MATERIALS PROVIDED ▸
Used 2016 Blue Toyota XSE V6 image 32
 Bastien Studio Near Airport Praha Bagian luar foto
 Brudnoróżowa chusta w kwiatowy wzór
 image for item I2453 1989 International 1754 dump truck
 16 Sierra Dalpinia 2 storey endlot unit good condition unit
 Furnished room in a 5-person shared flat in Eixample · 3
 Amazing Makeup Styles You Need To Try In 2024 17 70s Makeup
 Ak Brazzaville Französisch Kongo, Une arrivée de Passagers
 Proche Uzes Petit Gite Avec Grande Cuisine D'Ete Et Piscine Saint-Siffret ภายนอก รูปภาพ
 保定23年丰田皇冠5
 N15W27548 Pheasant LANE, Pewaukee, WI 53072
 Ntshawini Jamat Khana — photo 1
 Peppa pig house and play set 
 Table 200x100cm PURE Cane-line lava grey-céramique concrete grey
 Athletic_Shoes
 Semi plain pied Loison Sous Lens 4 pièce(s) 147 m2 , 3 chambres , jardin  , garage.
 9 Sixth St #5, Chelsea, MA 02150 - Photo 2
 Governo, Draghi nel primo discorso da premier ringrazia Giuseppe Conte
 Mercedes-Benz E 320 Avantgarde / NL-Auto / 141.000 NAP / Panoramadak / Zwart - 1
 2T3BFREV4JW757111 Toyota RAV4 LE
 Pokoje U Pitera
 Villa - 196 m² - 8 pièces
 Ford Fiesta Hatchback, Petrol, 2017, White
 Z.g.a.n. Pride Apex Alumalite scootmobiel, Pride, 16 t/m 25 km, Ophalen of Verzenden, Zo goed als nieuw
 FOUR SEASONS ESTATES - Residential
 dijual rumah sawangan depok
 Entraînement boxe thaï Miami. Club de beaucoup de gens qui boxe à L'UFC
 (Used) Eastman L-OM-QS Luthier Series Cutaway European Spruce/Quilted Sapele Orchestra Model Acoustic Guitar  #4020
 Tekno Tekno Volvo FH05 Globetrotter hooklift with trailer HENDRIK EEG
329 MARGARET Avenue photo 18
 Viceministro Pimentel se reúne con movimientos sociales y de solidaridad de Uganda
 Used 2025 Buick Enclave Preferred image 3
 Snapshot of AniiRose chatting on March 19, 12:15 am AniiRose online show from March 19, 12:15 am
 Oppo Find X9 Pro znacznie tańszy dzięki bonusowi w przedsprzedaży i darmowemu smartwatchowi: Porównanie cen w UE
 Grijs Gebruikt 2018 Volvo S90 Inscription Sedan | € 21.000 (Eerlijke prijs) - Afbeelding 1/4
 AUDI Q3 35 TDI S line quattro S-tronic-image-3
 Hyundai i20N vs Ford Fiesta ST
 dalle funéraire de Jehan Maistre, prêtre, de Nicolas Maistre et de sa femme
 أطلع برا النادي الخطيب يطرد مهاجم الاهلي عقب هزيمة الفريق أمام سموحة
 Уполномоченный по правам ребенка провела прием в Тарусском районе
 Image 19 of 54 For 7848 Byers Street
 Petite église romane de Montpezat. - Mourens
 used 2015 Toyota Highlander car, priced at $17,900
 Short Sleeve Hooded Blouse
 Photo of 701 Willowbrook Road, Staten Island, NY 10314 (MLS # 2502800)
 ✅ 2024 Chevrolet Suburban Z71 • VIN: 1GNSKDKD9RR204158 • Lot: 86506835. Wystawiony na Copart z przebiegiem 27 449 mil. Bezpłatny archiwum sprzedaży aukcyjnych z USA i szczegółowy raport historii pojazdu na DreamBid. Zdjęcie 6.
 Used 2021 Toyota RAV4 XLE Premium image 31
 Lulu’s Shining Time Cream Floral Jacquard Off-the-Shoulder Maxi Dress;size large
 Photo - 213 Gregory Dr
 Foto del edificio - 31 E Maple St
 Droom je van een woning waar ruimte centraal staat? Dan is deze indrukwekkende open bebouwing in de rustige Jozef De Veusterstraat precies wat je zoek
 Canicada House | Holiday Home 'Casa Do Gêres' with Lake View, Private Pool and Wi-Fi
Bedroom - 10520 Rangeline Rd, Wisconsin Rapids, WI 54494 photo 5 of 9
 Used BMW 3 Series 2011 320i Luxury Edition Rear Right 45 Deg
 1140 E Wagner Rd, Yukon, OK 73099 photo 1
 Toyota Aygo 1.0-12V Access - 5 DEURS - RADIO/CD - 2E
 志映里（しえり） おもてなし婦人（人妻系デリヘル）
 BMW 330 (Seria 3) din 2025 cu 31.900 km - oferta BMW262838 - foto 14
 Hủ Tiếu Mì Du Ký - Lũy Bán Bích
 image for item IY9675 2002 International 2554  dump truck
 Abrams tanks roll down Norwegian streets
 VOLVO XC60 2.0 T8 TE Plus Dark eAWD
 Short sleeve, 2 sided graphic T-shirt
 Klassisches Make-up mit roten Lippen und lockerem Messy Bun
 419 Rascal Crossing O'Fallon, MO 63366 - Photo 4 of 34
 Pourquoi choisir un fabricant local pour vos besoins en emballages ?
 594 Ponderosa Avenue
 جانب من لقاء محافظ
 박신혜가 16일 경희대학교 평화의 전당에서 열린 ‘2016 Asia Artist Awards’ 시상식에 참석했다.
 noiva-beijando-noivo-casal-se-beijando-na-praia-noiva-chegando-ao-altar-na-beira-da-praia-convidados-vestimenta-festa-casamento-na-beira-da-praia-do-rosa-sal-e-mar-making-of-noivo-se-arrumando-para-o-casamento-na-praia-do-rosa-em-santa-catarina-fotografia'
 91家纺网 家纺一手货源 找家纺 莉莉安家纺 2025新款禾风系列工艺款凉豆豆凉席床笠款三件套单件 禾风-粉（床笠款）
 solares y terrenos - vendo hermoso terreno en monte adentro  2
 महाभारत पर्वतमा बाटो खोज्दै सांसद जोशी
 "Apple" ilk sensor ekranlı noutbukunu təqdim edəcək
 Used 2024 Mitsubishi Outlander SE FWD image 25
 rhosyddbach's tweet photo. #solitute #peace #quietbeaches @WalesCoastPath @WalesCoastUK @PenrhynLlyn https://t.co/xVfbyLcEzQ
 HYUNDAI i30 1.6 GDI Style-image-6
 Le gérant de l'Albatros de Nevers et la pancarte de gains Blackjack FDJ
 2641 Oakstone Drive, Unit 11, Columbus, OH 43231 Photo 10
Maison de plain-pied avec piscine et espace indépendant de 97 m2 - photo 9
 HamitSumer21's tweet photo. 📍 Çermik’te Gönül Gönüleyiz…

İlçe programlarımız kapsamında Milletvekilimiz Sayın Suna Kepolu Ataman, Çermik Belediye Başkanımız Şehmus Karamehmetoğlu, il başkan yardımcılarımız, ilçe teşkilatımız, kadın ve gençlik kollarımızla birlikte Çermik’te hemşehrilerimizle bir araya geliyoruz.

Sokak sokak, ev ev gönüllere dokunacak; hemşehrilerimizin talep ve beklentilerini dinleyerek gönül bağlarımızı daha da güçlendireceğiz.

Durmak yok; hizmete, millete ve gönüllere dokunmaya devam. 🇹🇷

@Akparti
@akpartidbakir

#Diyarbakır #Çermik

WHAT THE TASK REQUIRES ▸ Whenever a line above includes "International", copy it in full.

OUTPUT FOR THIS TASK ▸
 image for item I2453 1989 International 1754 dump truck
 image for item IY9675 2002 International 2554  dump truck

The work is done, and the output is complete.